▶ [Assignment]
In the entries below, find the line with "PLUS SKY LOUNGE" and the line with "Nike Other - Kobe Bryant jersey"; copy them and every line between them exactly, but not the pictures.

# # # # # # #

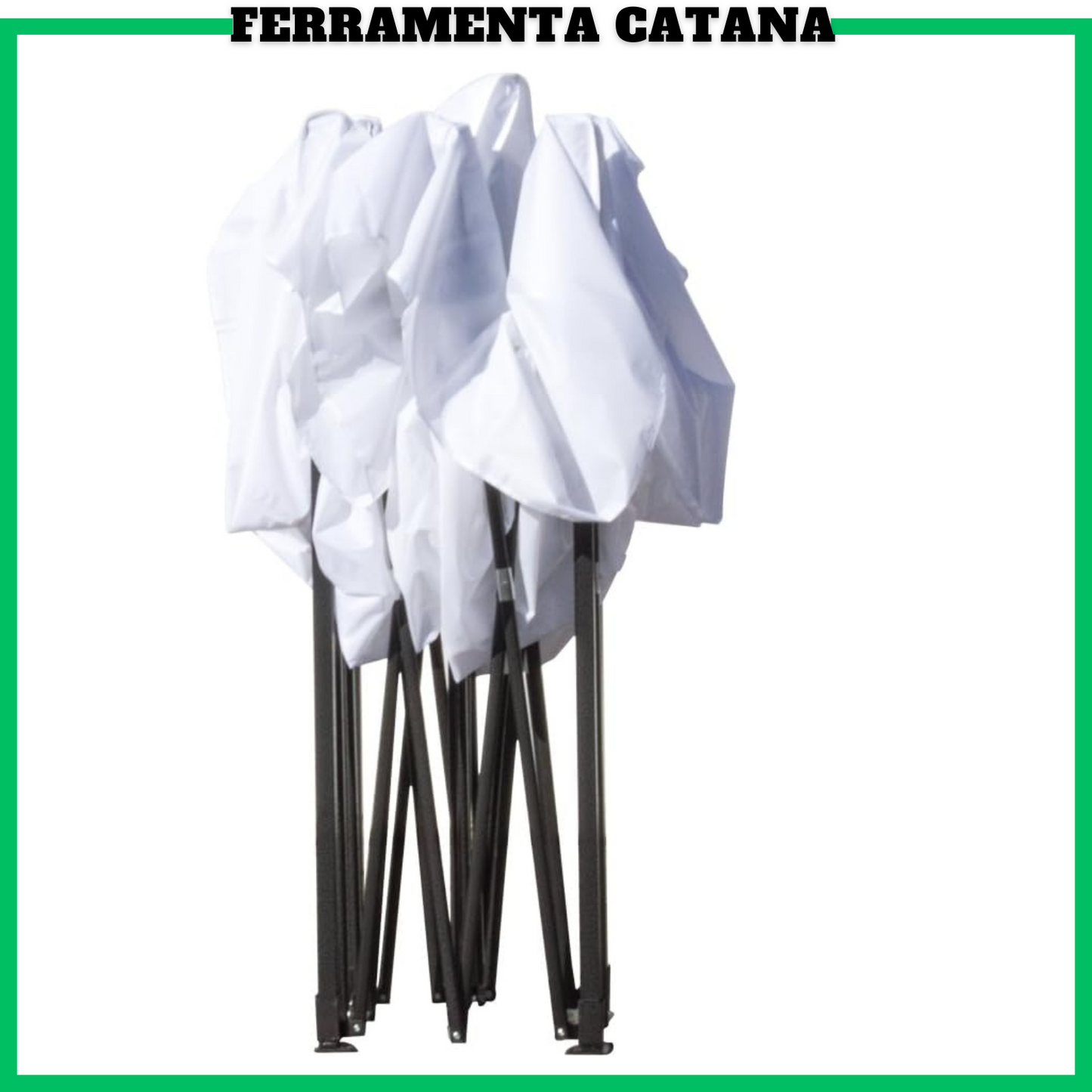gazebo 3x3 pieghevole impermeabile bianco richiudibile robusto da giardino fiera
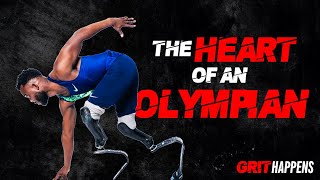 The Heart of an Olympian with Blake Leeper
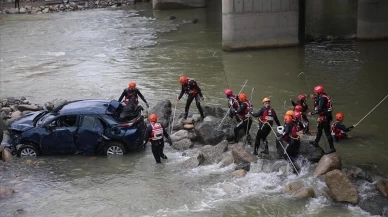 AFAD'ın 10 aylık raporu: 389 deprem, 404 sel, 382 heyelan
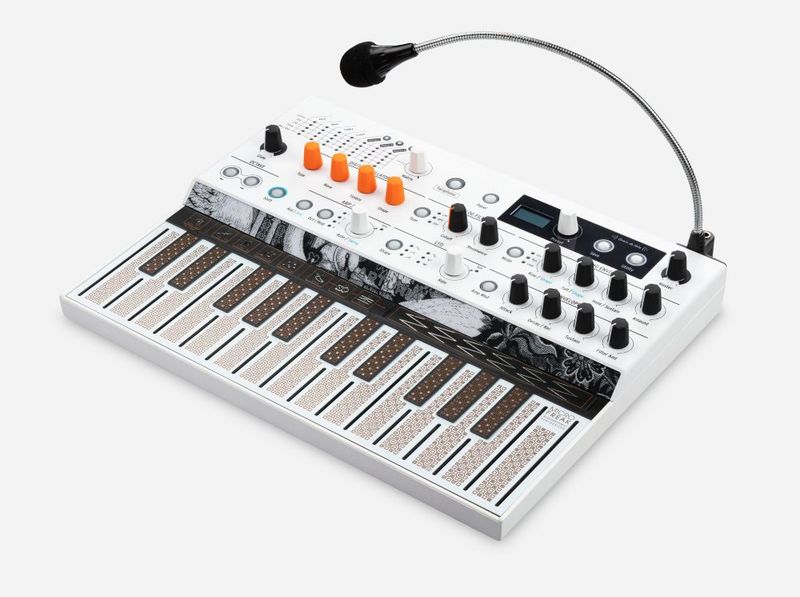 Arturia Microfreak Vocoder Limited Edition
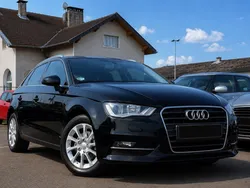Audi a3 sportback attraction 1.6 tdi 110 ch s tronic 7 • gps • sièges chauffants • carnet d'entretien • 2 clés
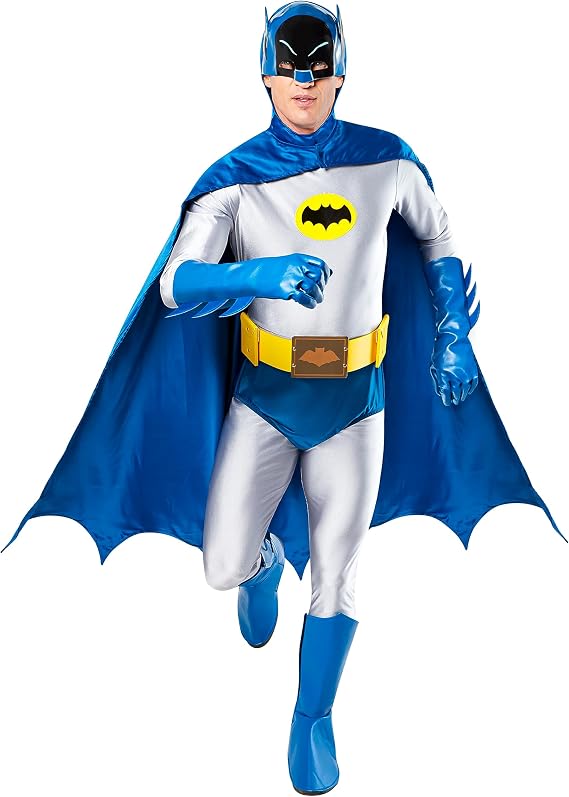 Rubie's Costume Grand Heritage Classic TV Batman Circa 1966 Costume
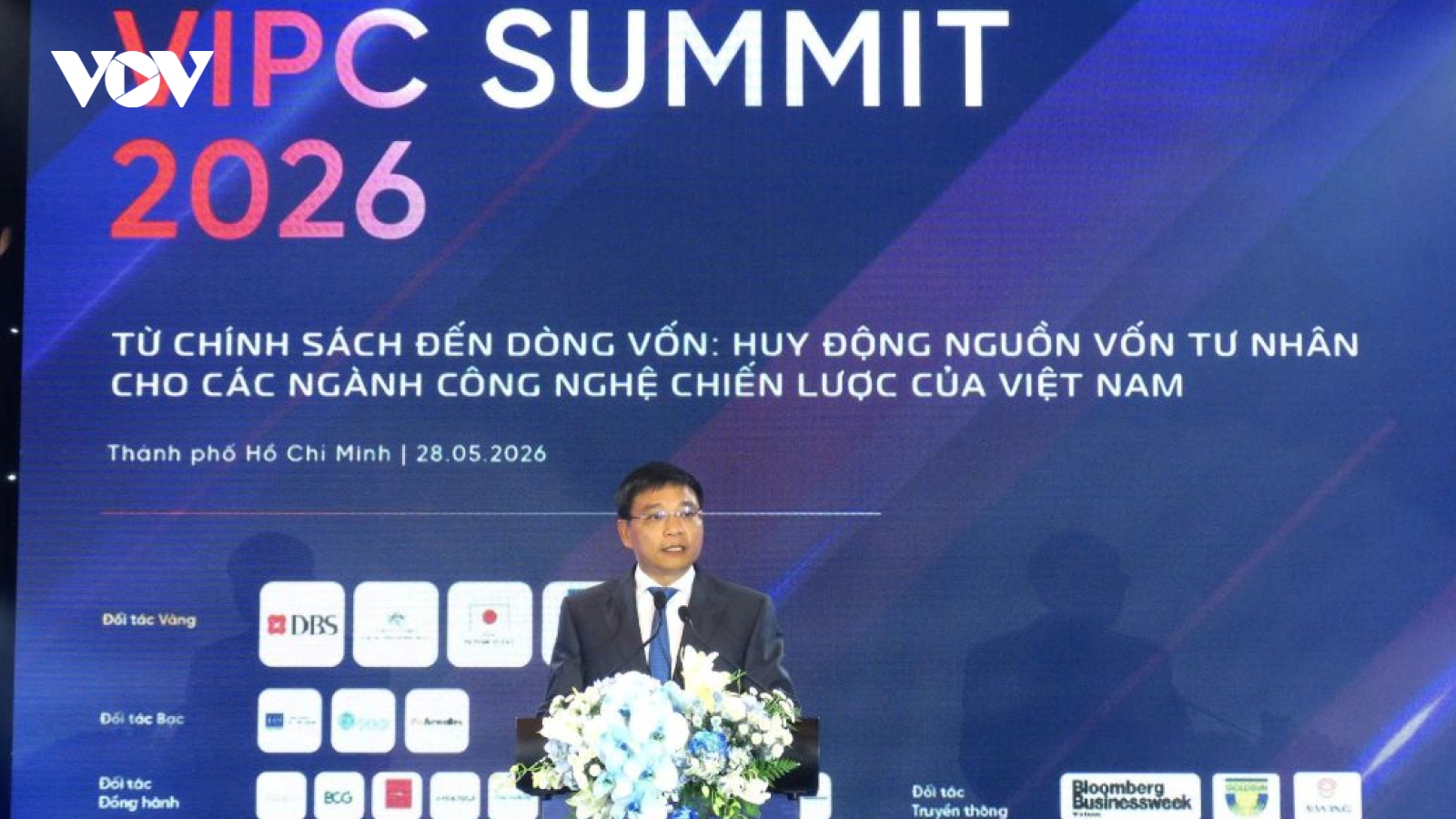 Phó Thủ tướng Nguyễn Văn Thắng: Việt Nam hướng tới thu hút công nghệ, tri thức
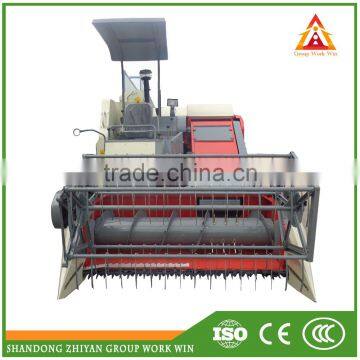 Hot Sale Wheat Combine Harvester photo-6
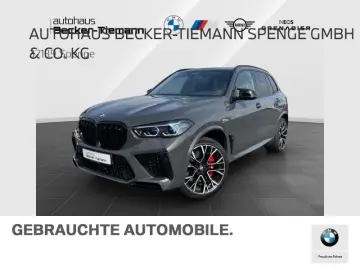 X5 M  COMPETITION SERVICE INKL. PLUS SKY LOUNGE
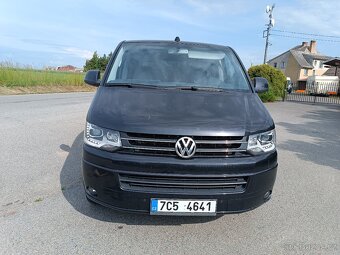 VW T5 Multivan 2,5TDi 128kW Highline 2005 NEHAVAROVANÝ - 5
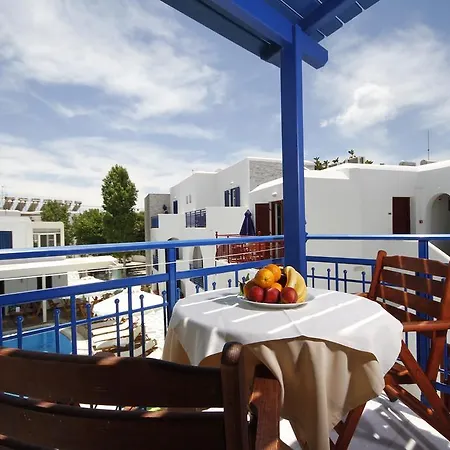 Katerina Hotel Agios Prokopios (Naxos)
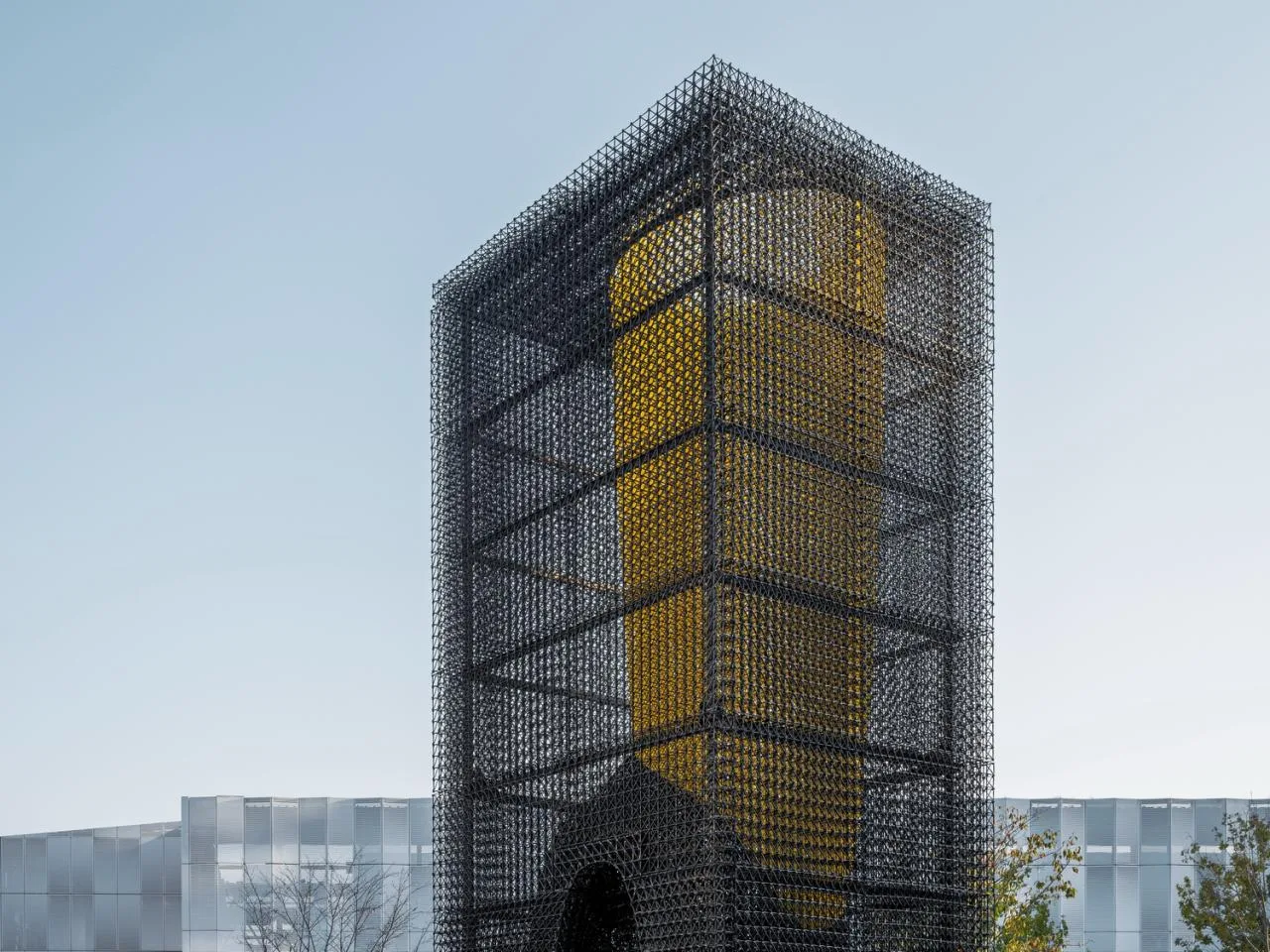 BIM Architecture | Magical Realism Installation: Arrival/Wutopia Lab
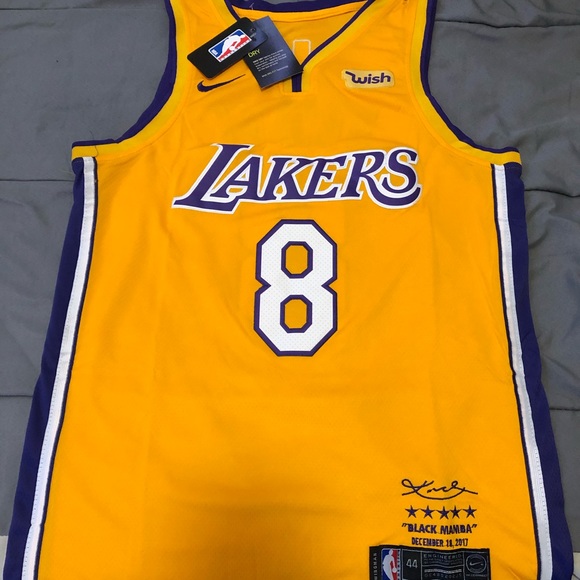 Nike Other - Kobe Bryant jersey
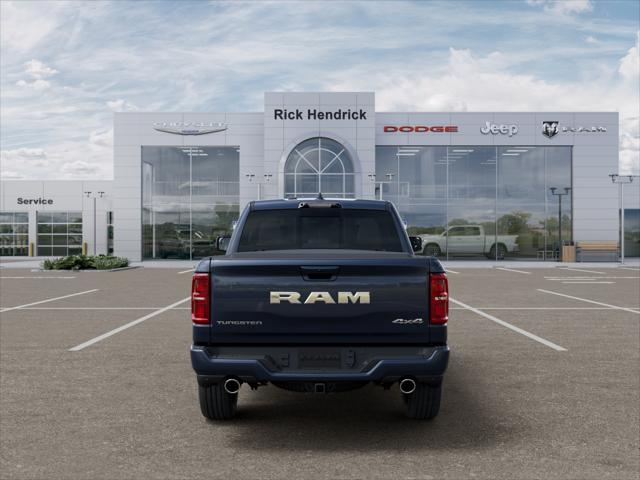 2026 Ram 1500 Tungsten Crew Cab 4x4 5'7" Box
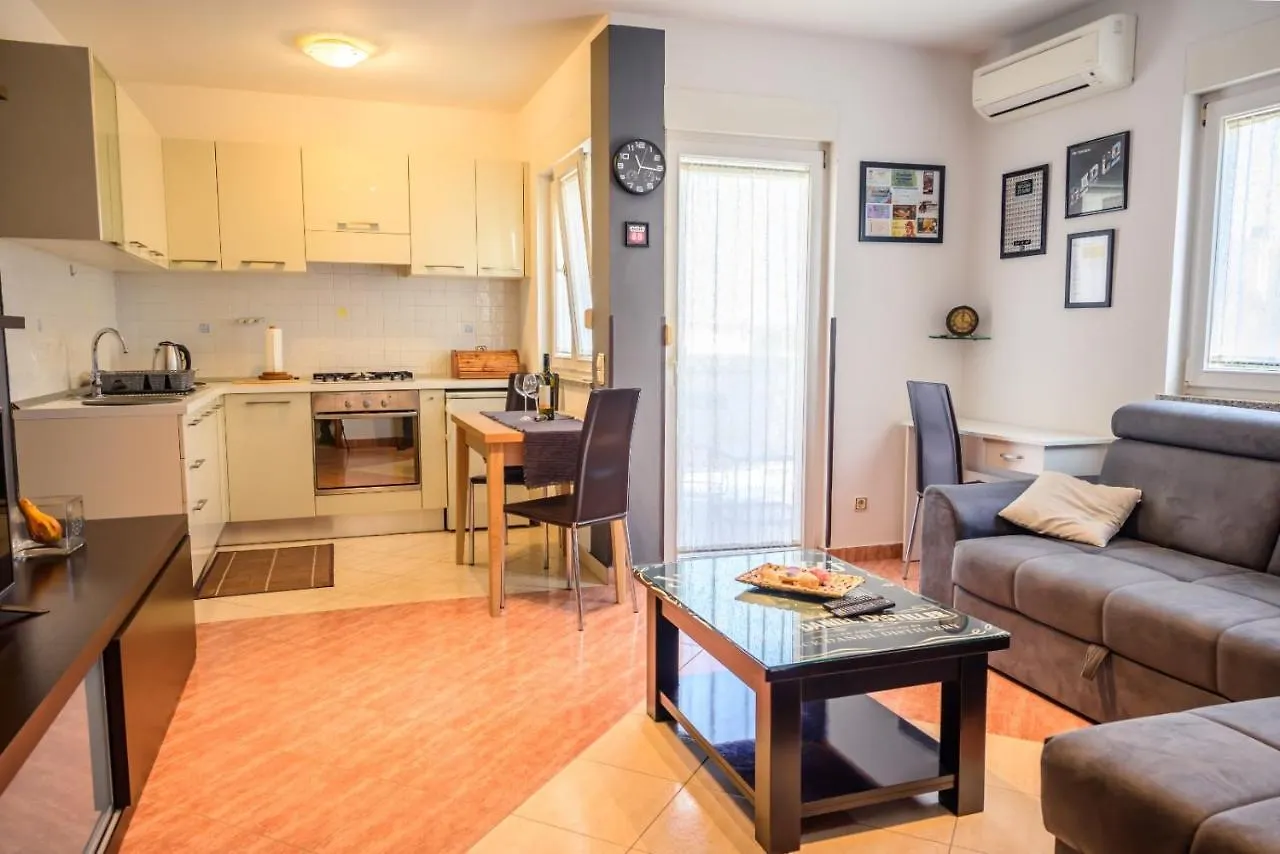 Apartment Charlie Rovinj Croatia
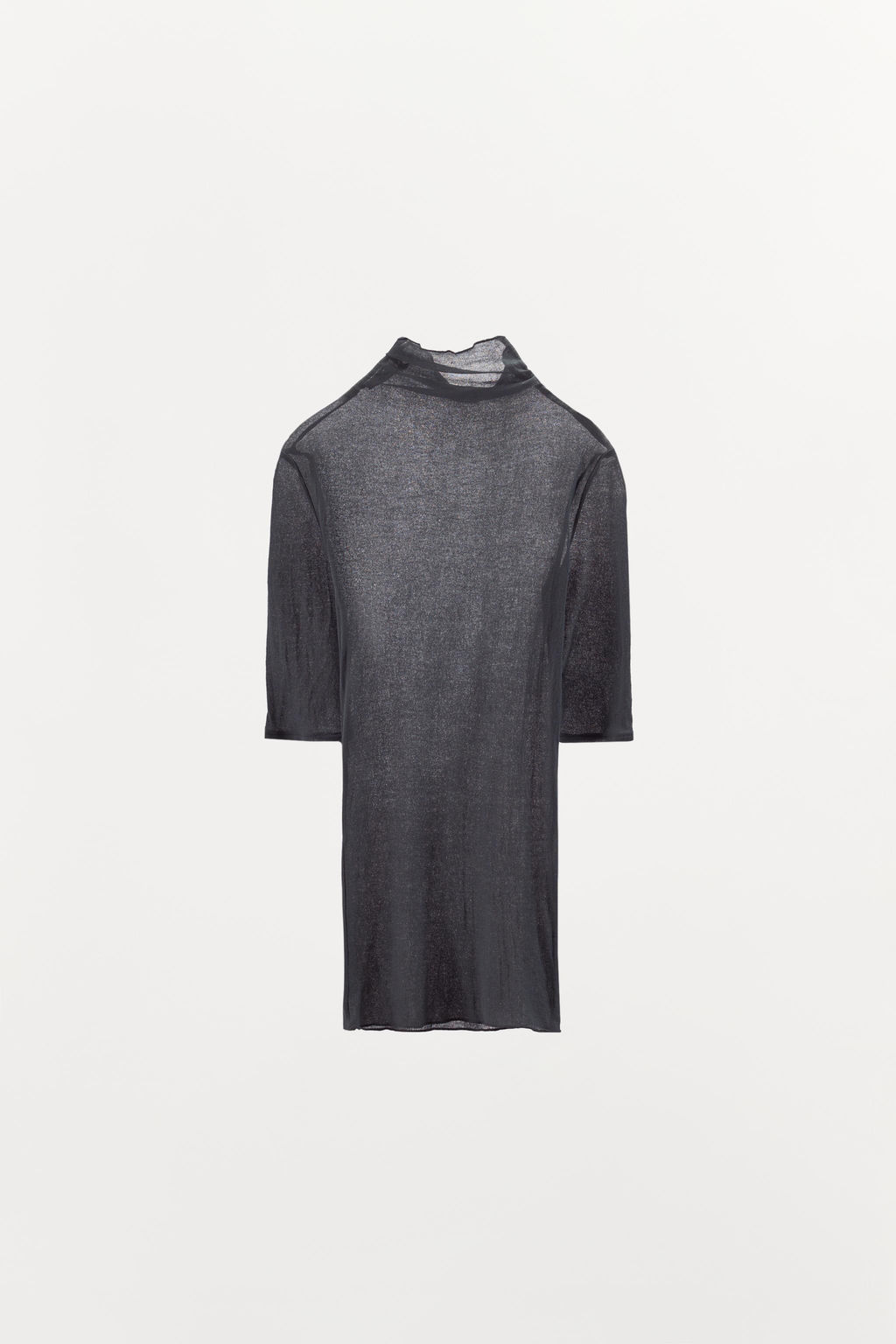 HIGH NECK TOP - Zara фото 4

# # # # # # #

▶ [Task answer]
 X5 M  COMPETITION SERVICE INKL. PLUS SKY LOUNGE
 VW T5 Multivan 2,5TDi 128kW Highline 2005 NEHAVAROVANÝ - 5
 Katerina Hotel Agios Prokopios (Naxos)
 BIM Architecture | Magical Realism Installation: Arrival/Wutopia Lab
 Nike Other - Kobe Bryant jersey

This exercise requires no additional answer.